* About this exercise *
Starting at the line containing "Augustus Executive Suite" and ending at the line containing "809m2 helle Industrie- &", print every line of the material below exactly, both ends included, and stop there.

* Study material *
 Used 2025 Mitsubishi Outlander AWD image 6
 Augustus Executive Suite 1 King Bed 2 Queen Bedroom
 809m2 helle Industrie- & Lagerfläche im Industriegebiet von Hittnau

* * *

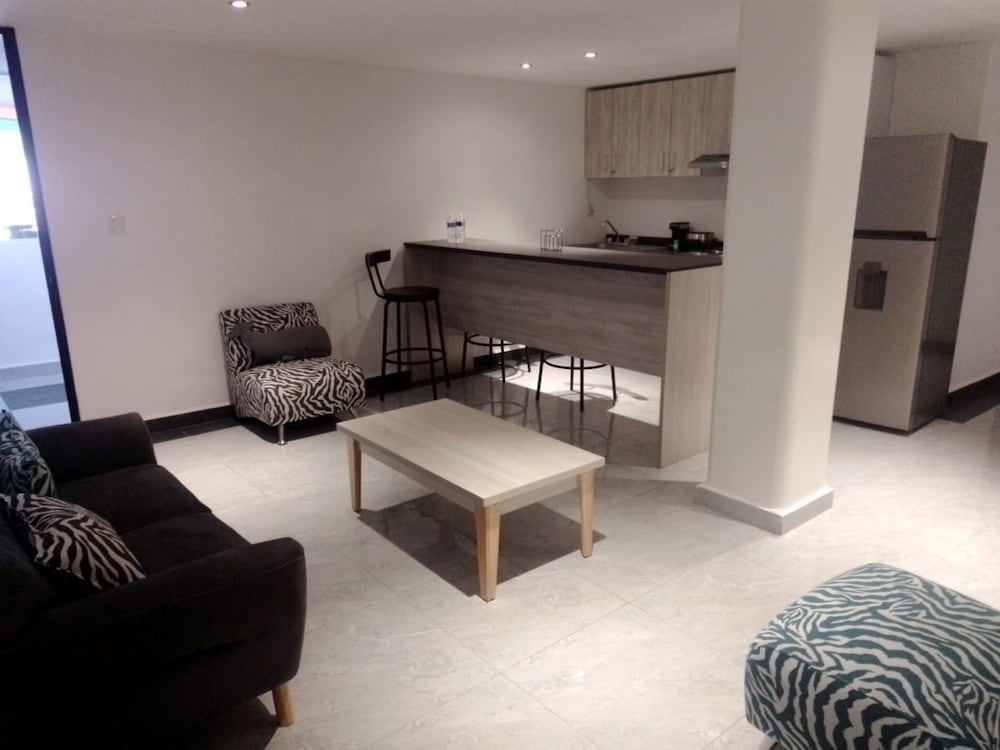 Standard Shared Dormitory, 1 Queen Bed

* Output *
 Augustus Executive Suite 1 King Bed 2 Queen Bedroom
 809m2 helle Industrie- & Lagerfläche im Industriegebiet von Hittnau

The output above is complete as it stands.